I’ll admit it. I am a conference fanatic. So, when our Headmaster sent me an email to save the date for the National Association of Independent Schools Annual Conference, I wasn’t about to say no to that.
Besides being excited about the fried chicken at Sweet Georgia’s Juke Joint and the fact that I will be back home again (Georgia counts as home for a Florida girl), I am also fired up about my first NAIS conference experience. I have spent days combing through the program, strategizing about sessions and setting learning intentions for the event. I am a big believer in being intentional about professional learning. It’s easy to get lost in your learning at conferences, or any professional development for that matter. Being an educational leader is complex, setting intentions provides clarity and guides individual learning.
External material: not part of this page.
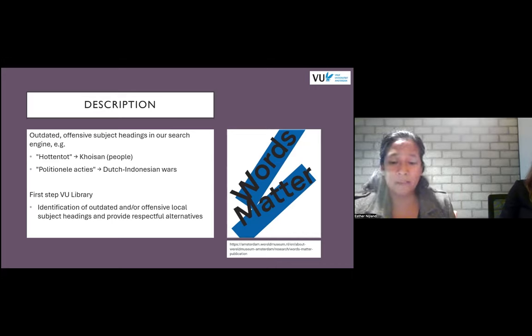The Dutch government insisted it wasn't a war but a legitimate way to suppress a rebellion, calling it 'Politionele Acties.' Many, including the descendants of victims, find this term misleading. The use of euphemistic language hides the actual violence and harm caused and diminishes the victims to mere rebels. As explained in the Words Matter publication, while there is no consensus on alternative terms in the Netherlands, the more historically correct term Dutch-Indonesian Wars has been suggested, which we have chosen as our alternative. Many thesauri are not being updated anymore or are updated very slowly, which is why we decided to make adjustments of our own.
It means I take home exactly what I need from conferences, institutes, and site visits.
I have decided to focus on a few areas over the next few days at the NAIS Annual Conference:
- How can I encourage and initiate grassroots change through teacher leadership, including harnessing teacher voices to propel real and innovative change?
- How can I enhance professional learning and expand professional growth opportunities for the educators I work with?
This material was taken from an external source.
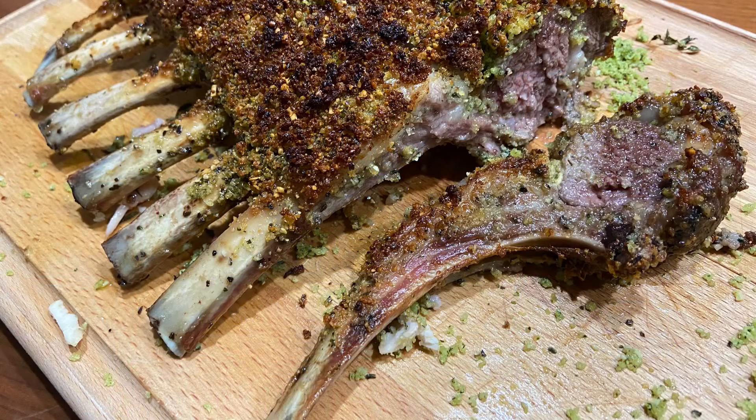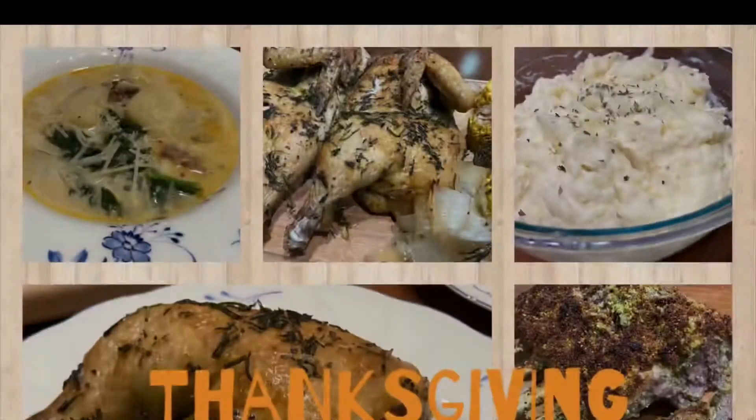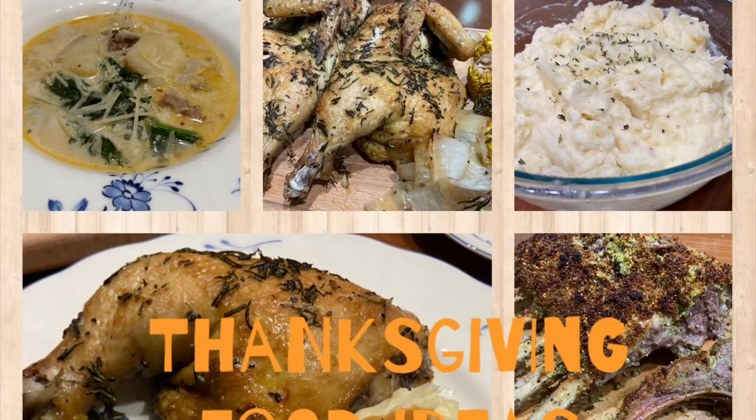Not many people like lamb, but if you do, cool! Lamb will keep you very warm if you eat it during winter. The crust on top is made of rosemary, cheese, parsley, bread crumbs, salt, pepper, and garlic.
- How can I promote authentic learning and global competence for students with creative curriculum design and delivery?
These are all areas I have concentrated on with ASCD and Teach to Lead and Learning Forward. But, not areas I have been able to explore through the lens of independent schools.
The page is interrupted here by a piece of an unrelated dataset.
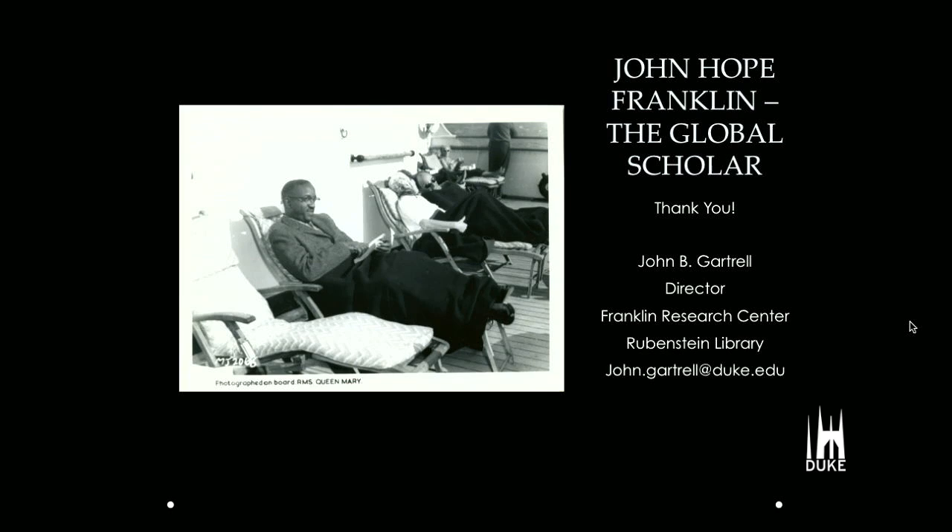This is one of my favorite pictures, because you just never see Dr. Franklin relaxing — he's always very prestigious and dignified. But this is actually the journey he took on the Queen Mary to go to Cambridge in 1963. This is a letter from that very same journey from Dr. Franklin to the president of Brooklyn College in 1963, where he gives a report about what he did at Cambridge.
Inevitably, attending conferences leads to a lot of self-reflection for me. This is sort of my implied intention.
Another aspect of the conference I am really looking forward to is tending my school’s leadership garden. Leadership is all about relationships, and while the relationships I may forge at the NAIS Annual Conference may be powerful, there is far more power in growing our internal team over the next few days. I am traveling with five others from my school, each with their own intentions for the conference. I am hoping for discussions and reflections about how our shared learning and our independent perspectives impact our school, our faculty, and our stakeholders.
My friend Fred Ende writes about professional development being sticky. I fully expect the NAIS Annual Conference to be sticky, the kind of professional development that pushes and nudges and deepens my knowledge of who I am as an educational leader and how I can empower those around me to lead and learn better than they thought possible.